* **WHAT NEEDS TO BE DONE**: Exactly as they stand, repeat the lines from the one containing "Luchtfoto van een" through the final line of the listing, both ends included, and nothing else; skip the pictures.

* **SOURCE DATA**:
------------------------
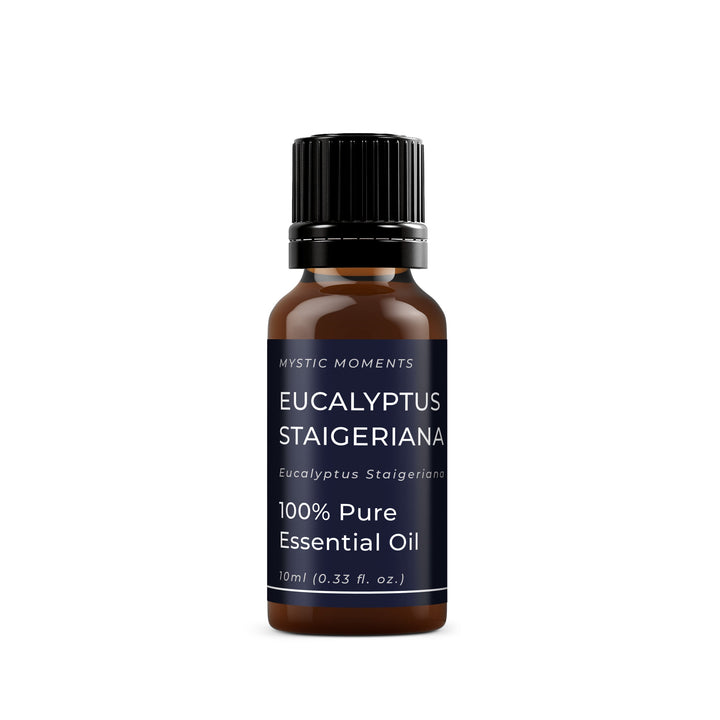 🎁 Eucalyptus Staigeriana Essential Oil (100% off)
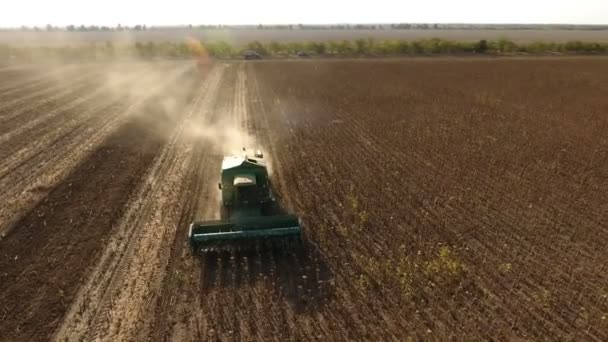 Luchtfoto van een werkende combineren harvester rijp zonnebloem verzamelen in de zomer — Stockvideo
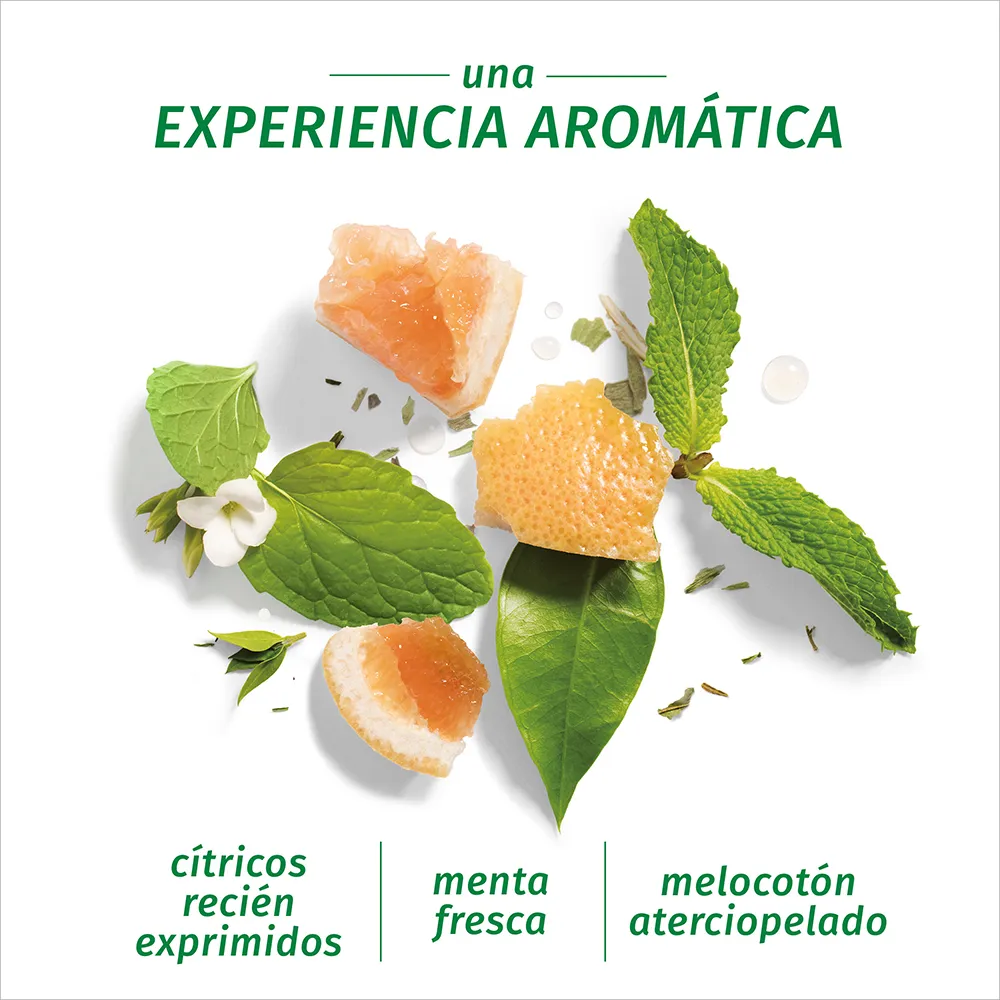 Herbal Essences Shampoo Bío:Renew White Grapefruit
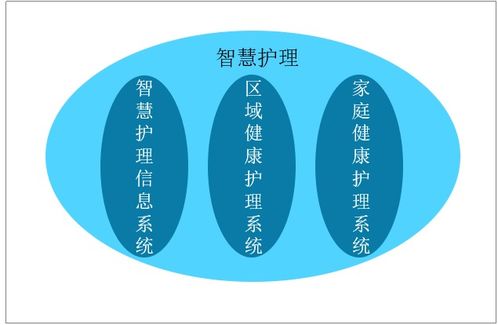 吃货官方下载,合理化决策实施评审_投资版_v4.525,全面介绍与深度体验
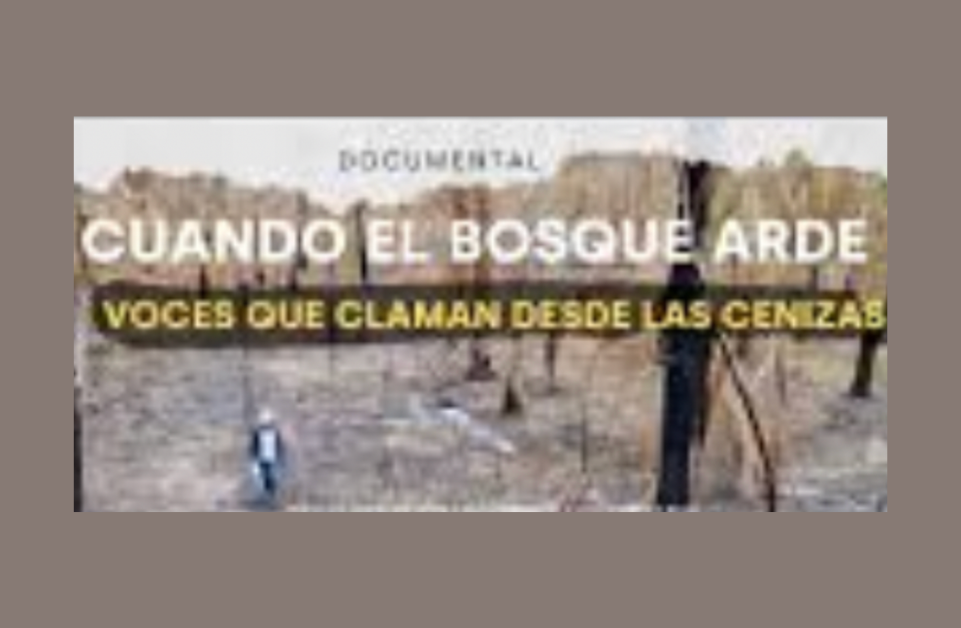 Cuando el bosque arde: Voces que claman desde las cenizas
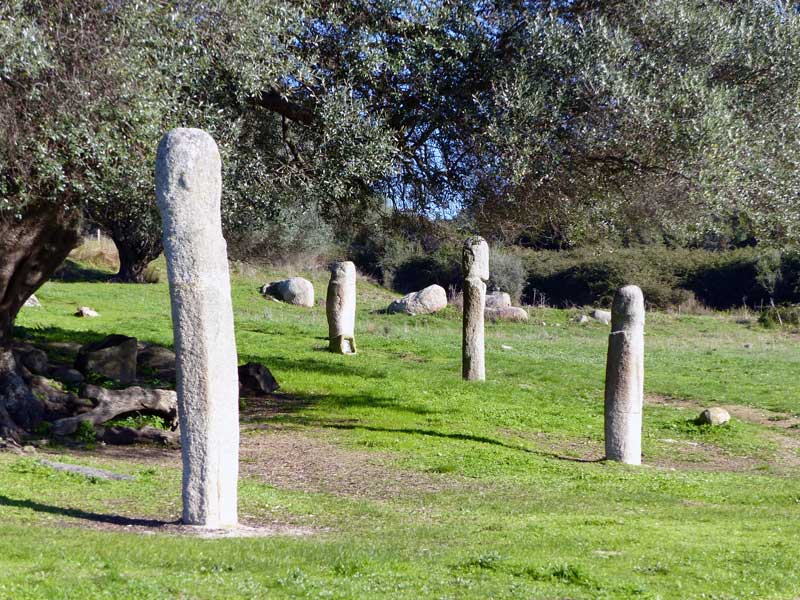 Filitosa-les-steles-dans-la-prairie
------------------------
* **RESULT OF THIS EXERCISE**:
 Luchtfoto van een werkende combineren harvester rijp zonnebloem verzamelen in de zomer — Stockvideo
 Herbal Essences Shampoo Bío:Renew White Grapefruit
 吃货官方下载,合理化决策实施评审_投资版_v4.525,全面介绍与深度体验
 Cuando el bosque arde: Voces que claman desde las cenizas
 Filitosa-les-steles-dans-la-prairie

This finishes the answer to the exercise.